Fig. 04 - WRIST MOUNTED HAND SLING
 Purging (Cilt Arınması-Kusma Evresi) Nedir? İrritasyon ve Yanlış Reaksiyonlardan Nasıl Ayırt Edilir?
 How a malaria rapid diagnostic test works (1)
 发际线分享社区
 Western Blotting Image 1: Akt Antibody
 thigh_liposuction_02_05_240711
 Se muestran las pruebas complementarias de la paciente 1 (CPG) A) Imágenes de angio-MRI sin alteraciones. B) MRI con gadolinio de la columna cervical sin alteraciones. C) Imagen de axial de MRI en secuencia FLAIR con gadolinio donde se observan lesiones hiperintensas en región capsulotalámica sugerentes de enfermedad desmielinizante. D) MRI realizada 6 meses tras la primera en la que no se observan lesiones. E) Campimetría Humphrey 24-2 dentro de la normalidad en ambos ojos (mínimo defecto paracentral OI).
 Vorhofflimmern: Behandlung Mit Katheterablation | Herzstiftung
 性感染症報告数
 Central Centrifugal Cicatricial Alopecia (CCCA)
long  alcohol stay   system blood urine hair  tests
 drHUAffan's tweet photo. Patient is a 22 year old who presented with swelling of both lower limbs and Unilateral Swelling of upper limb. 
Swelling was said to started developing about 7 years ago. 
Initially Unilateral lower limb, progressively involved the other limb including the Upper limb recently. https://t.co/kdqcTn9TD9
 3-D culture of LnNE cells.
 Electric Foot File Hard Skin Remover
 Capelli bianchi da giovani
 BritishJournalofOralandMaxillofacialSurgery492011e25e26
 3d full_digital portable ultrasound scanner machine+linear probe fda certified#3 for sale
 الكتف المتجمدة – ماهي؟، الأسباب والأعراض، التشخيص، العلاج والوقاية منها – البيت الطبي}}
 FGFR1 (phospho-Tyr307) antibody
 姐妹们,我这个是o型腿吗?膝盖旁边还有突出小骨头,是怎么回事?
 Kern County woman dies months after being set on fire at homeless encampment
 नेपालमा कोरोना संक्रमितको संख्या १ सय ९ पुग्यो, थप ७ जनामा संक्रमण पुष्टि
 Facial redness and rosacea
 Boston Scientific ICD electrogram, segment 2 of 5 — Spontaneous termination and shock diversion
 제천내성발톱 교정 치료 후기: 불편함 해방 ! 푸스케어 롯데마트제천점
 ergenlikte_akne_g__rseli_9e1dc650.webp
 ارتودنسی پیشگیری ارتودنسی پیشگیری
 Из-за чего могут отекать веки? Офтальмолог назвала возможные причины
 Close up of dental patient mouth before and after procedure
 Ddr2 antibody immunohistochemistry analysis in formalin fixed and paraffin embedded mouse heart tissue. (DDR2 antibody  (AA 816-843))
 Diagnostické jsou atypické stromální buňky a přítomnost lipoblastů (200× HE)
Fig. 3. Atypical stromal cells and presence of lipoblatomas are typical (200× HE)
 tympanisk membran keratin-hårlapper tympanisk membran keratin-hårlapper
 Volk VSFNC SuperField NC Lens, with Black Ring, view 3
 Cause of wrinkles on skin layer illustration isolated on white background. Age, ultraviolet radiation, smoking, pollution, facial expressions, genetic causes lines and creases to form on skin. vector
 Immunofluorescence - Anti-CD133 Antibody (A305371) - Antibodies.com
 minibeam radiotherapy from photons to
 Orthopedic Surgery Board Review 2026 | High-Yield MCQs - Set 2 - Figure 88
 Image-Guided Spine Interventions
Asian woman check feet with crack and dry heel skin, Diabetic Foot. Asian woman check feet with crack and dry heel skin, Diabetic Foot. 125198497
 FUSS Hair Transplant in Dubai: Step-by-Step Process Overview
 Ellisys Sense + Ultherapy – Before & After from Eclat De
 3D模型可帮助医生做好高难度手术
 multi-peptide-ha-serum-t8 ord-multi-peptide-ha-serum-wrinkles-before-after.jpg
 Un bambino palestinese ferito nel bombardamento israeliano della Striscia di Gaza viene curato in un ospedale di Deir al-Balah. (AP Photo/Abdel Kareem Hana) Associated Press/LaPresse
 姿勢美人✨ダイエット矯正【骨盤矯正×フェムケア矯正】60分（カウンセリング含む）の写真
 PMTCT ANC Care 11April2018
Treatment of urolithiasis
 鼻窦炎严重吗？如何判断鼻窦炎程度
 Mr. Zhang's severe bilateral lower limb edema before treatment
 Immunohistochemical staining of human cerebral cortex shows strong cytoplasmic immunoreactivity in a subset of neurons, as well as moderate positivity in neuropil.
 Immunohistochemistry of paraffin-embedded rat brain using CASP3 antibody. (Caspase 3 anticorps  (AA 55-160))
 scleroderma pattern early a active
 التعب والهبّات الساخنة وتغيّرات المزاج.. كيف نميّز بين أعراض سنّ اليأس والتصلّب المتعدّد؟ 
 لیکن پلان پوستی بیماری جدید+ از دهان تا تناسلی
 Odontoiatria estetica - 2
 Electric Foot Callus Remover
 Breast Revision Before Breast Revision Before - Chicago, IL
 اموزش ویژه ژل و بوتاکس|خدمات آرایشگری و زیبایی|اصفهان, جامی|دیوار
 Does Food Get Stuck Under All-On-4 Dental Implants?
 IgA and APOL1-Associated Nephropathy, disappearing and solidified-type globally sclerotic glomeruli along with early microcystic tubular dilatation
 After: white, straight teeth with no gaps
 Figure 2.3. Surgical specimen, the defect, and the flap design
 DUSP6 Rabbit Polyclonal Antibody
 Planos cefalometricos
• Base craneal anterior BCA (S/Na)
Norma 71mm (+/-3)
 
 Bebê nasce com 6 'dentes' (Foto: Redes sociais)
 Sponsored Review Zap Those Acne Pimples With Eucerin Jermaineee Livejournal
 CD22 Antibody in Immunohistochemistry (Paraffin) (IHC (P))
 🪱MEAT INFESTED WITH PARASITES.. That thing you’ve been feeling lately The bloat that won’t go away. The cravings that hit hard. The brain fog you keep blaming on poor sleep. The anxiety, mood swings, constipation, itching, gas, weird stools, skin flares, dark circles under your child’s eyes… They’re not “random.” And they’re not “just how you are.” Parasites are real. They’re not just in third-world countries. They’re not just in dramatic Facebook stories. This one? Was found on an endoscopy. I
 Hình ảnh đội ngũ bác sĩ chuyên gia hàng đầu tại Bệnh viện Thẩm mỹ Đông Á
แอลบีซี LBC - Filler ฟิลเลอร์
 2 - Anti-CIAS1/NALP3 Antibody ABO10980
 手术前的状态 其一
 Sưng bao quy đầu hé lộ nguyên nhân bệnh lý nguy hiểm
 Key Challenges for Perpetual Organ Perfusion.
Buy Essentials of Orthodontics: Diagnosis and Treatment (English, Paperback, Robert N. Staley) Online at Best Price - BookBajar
--------------------
*WORK TO COMPLETE:*
Nothing beyond the line containing "Из-за чего могут" is to be output; the lines above, from the first one onward to that line, are to be transcribed exactly.

*SOLVED EXERCISE:*
Fig. 04 - WRIST MOUNTED HAND SLING
 Purging (Cilt Arınması-Kusma Evresi) Nedir? İrritasyon ve Yanlış Reaksiyonlardan Nasıl Ayırt Edilir?
 How a malaria rapid diagnostic test works (1)
 发际线分享社区
 Western Blotting Image 1: Akt Antibody
 thigh_liposuction_02_05_240711
 Se muestran las pruebas complementarias de la paciente 1 (CPG) A) Imágenes de angio-MRI sin alteraciones. B) MRI con gadolinio de la columna cervical sin alteraciones. C) Imagen de axial de MRI en secuencia FLAIR con gadolinio donde se observan lesiones hiperintensas en región capsulotalámica sugerentes de enfermedad desmielinizante. D) MRI realizada 6 meses tras la primera en la que no se observan lesiones. E) Campimetría Humphrey 24-2 dentro de la normalidad en ambos ojos (mínimo defecto paracentral OI).
 Vorhofflimmern: Behandlung Mit Katheterablation | Herzstiftung
 性感染症報告数
 Central Centrifugal Cicatricial Alopecia (CCCA)
long  alcohol stay   system blood urine hair  tests
 drHUAffan's tweet photo. Patient is a 22 year old who presented with swelling of both lower limbs and Unilateral Swelling of upper limb. 
Swelling was said to started developing about 7 years ago. 
Initially Unilateral lower limb, progressively involved the other limb including the Upper limb recently. https://t.co/kdqcTn9TD9
 3-D culture of LnNE cells.
 Electric Foot File Hard Skin Remover
 Capelli bianchi da giovani
 BritishJournalofOralandMaxillofacialSurgery492011e25e26
 3d full_digital portable ultrasound scanner machine+linear probe fda certified#3 for sale
 الكتف المتجمدة – ماهي؟، الأسباب والأعراض، التشخيص، العلاج والوقاية منها – البيت الطبي}}
 FGFR1 (phospho-Tyr307) antibody
 姐妹们,我这个是o型腿吗?膝盖旁边还有突出小骨头,是怎么回事?
 Kern County woman dies months after being set on fire at homeless encampment
 नेपालमा कोरोना संक्रमितको संख्या १ सय ९ पुग्यो, थप ७ जनामा संक्रमण पुष्टि
 Facial redness and rosacea
 Boston Scientific ICD electrogram, segment 2 of 5 — Spontaneous termination and shock diversion
 제천내성발톱 교정 치료 후기: 불편함 해방 ! 푸스케어 롯데마트제천점
 ergenlikte_akne_g__rseli_9e1dc650.webp
 ارتودنسی پیشگیری ارتودنسی پیشگیری
 Из-за чего могут отекать веки? Офтальмолог назвала возможные причины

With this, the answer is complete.